M is for Mann (Aimee and Manfred)

Thursday 23rd May

Aimee Mann is an American singer-songwriter who came to prominence in the late nineties.  She has released only a handful of albums, with songs of love and sorrow sung quietly with erudite and clever lyrics.  Hers is a small voice, no Britney or Rihanna with their histrinoics and big personalities, just a small voice singing honestly and simply.

Manfred Mann has enjoyed a long career with at least two golden periods.  Manfred was actually the keyboard player and the band were named after him because of his somewhat unusual name.  They emerged from the early sixties blues scene in London, and with Mike D’Abo as lead singer had a string of hits.  Mike was later replaced by John Paul Jones and the hits kept coming, but they were never massive they were just there, part of the scene. They were particularly clever at re-interpreting and commercializing Dylan songs , even making a hit out ‘Quinn the Eskimo’, an obscure song not officially released by Dylan until much later.

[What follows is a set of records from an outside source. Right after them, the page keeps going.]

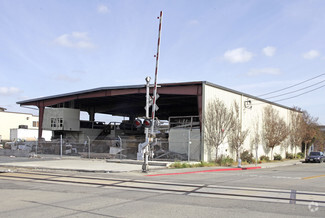 More details for 600 Castro St, San Leandro, CA - Industrial for Rent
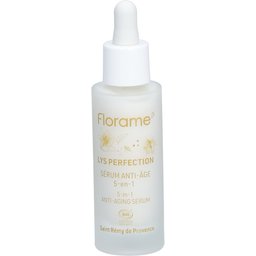 Sérum Anti-Âge 5 en 1 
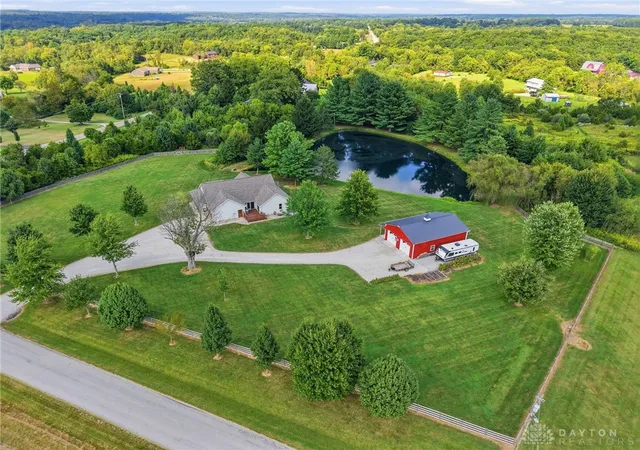 Photo 2 of Sale Pending at 3472 Nicholson Rd, Clarksville, OH 45113 | MLS# 968209 | Listing updated on 2026-09-07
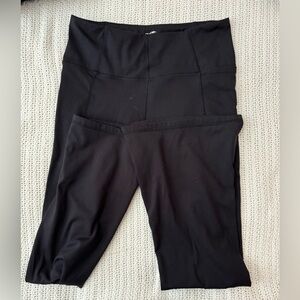 Avia Flare Athletic Leggings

As the sixties morphed into the seventies and most sixties pop groups faded away Manfred Mann morphed into Manfred Mann’s Earth Band and took on a harder more political edge and released a string of brilliant albums and singles in the mid-seventies, even repeating the Dylan trick with ‘You Angel You’.  There was a trio of albums ‘Angel Station’, ‘Somewhere in Africa’ and ‘Plains Music’ that are brilliant and every song resonates with vibrancy and feeling.

So another old favourite, look out for them on you-tube, try ‘Tribal Statistics’ for starters.